Add the saffron, Splenda-Sugar Blend, egg substitute, milk, butter, salt and 4 1/2 cups of the flour.
Mix on low speed until smooth, then beat on medium speed for about 2 minutes more.
Gradually beat in 4 3/4 cups more flour, allowing the mixer to do most of the kneading, until the dough is satiny smooth and pulls away from the sides of the bowl.
Turn the dough out onto a floured surface, shape it into a ball, cover with the mixing bowl and allow it to rest for 15 minutes.
Uncover the dough. If it sticks to the surface, knead it with your hands, incorporating the remaining flour until it no longer sticks and is shiny and smooth.
Place dough in a greased bowl, turning it once to bring the greased side up. Cover the bowl with plastic wrap and refrigerate 8 to 24 hours.
Turn out onto a surface (the dough will be very stiff) and knead for 1 to 2 minutes.
Compose the Bread:
Lightly grease three large baking sheets.
Divide dough into 3 equal parts. Each portion will make a sheet of bread or rolls.
To make the rolls,using your hands, pinch off a piece of dough and roll out a rope 16 to 18-inches long and 1/2-inch thick.
On a baking sheet, make a tight circle with the rope, pinching the end to adhere.
Repeat with more ropes of dough, forming a pattern of your choosing, until the entire portion of dough is used.
To make a tree, begin by making a 1/2-inch thick rope in each of these lengths:
8-inches, 11-inches, 14-inches, 17-inches, 20-inches, 23-inches, and 26-inches.

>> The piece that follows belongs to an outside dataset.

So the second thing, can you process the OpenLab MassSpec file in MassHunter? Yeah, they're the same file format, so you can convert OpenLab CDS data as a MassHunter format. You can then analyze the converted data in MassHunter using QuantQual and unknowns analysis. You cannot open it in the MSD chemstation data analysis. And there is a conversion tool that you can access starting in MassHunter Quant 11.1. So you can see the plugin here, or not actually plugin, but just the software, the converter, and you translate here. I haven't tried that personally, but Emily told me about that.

Continue to make 9 more 1/2-inch thick ropes that are 6-inches in length.
To assemble the tree (follow the photos above), make the curving branches from the top down and space each branch with a tight circle of 6-inch rope. Braid the remaining 3 pieces of 6-inch rope for the trunk, tucking one end under the lowest branch and the other end under the braid.

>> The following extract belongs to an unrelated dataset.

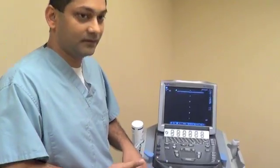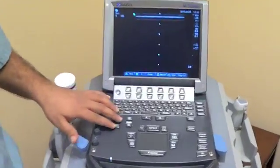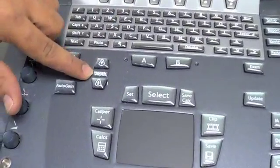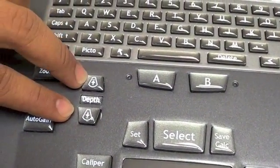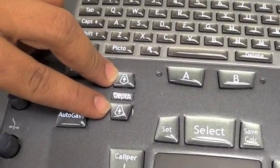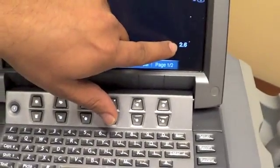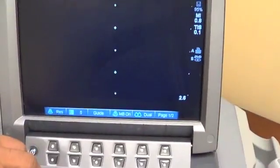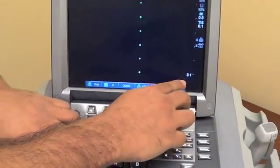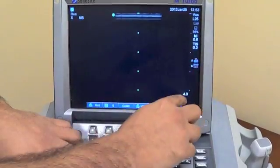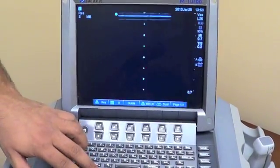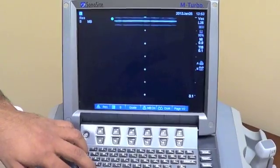What I want to talk about before we do any of that is the actual machine and what typical things we see. In most machines, the basic button you'll need to know is depth. Most machines have an up or down depth button, which controls how large the image is. If you look here, you'll see this one says 2.6 — that means 2.6 centimeters — and if we increase the depth, you'll see it goes to 3.1, 3.7, 4.3, with markers halfway between. That's an important button for most views you're going to try to obtain.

To make the trees look even more festive you can press a candied cherry into each of the swirled ends of the branches.
Cover all the bread shapes with a towel or towels and allow to rise in a warm place until doubled in volume, about 45 minutes.

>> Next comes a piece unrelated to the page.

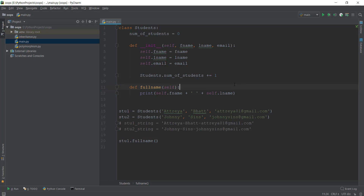So what is a class method? A class method is any method which takes the first parameter as class instead of self. So if full_name took the first parameter as class, then this method would not be a regular method — it would be a class method. It also uses a decorator, which I'm going to get into later.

Pre-heat your oven to 400 degrees.
Place one large egg in a bowl and beat slightly.
When the dough has risen, brush each of your creations with some of the beaten egg then slide the sheets into the oven and bake for 15 minutes.
Brush again with the rest of the egg and bake for 10 minutes longer or until golden brown.
Slide breads onto wire racks and cool completely. Wrap with festive holiday ribbons to give as gifts.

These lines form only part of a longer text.